Sem dúvida. O futebol, como a literatura, é imprevisível. Uma das expressões mais conhecidas dos boleiros em geral é: futebol é uma caixinha de surpresas. Um romance também é, não acha? Um bom romance ninguém sabe como vai acabar. Um jogo também é assim. Aliás, nisso o futebol leva vantagem sobre a literatura. Um romance ruim não é surpreendente, você sabe exatamente o que vai encontrar na próxima página, os mesmos clichês de sempre. Já um jogo de futebol, mesmo ruim, pode guardar uma surpresa, nem que seja para os 44 minutos do segundo tempo.
Das suas atividades, qual a que te dá mais prazer?
Escrever ficção. E é também a que me dá mais trabalho. Escrever é muito bom quando tudo está dando certo e muito angustiante quando a história empaca, não anda, ou quando você já escreveu metade de um livro e descobre que não era aquilo que você queria escrever e precisa pensar o que fazer: se tentar consertar ou se abandonar o já escrito e partir pra outra.
Você tem facilidade para falar com o público?
Acho que sim. Nos encontros com leitores, como esses do ótimo projeto Viagem Literária, de que já participei duas vezes (em 2009 e agora), tenho tido sempre boas conversas com o público, que é bastante variado: crianças, adolescentes, adultos, professores, alunos e outros profissionais. Tenho participado de várias feiras literárias país afora e me sinto bem à vontade com o público.

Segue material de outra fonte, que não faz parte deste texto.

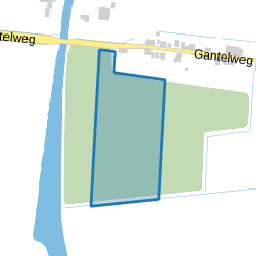 Perceel WDC00-E-2084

Sou professor de literatura na universidade (UERJ) há mais de 20 anos e essa experiência certamente ajuda nesses momentos.

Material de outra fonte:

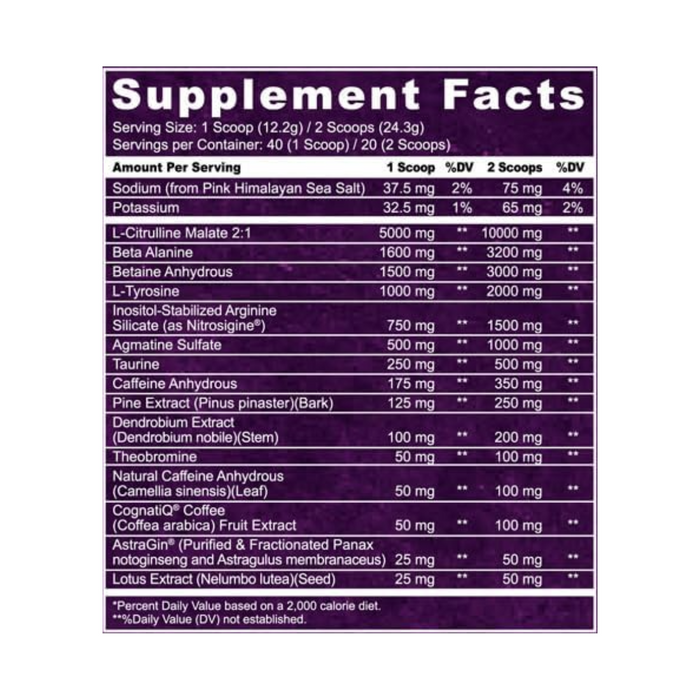 png_1500x1500_68620948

Gosto muito desse encontro com os leitores reais. Quando estou escrevendo um romance, meu contato é sempre com um leitor imaginário, o leitor fingido. Depois que o livro está publicado, é uma grande alegria conviver, mesmo que por uma ou duas horas, com leitores de carne e osso. Esses encontros rejuvenescem o escritor, dão a ele mais vontade de continuar escrevendo. Pelo menos é o que acontece comigo.
Como a literatura brasileira é vista atualmente?
Ainda há um certo preconceito da parte do leitor comum, o leitor que não lê profissionalmente mas por prazer, divertimento. Esse mesmo preconceito existiu e existe ainda com o cinema brasileiro por exemplo. É um erro, claro. Tanto o cinema quanto a literatura no Brasil estão atravessando momentos muito bons. No caso da literatura, publiquei um livro em 2005 chamado No país do presente: ficção brasileira no início do século XXI, em que comento 65 obras de ficção brasileira contemporânea de boa qualidade.
E esse fato, o de que se produz hoje uma boa literatura brasileira, começa a ser reconhecido no exterior. Tem aumentado bastante o número de obras brasileiras publicadas no exterior e não por acaso o Brasil foi escolhido como país homenageado na próxima feira de Frankfurt, na Alemanha, uma das mais importantes e tradicionais do mundo.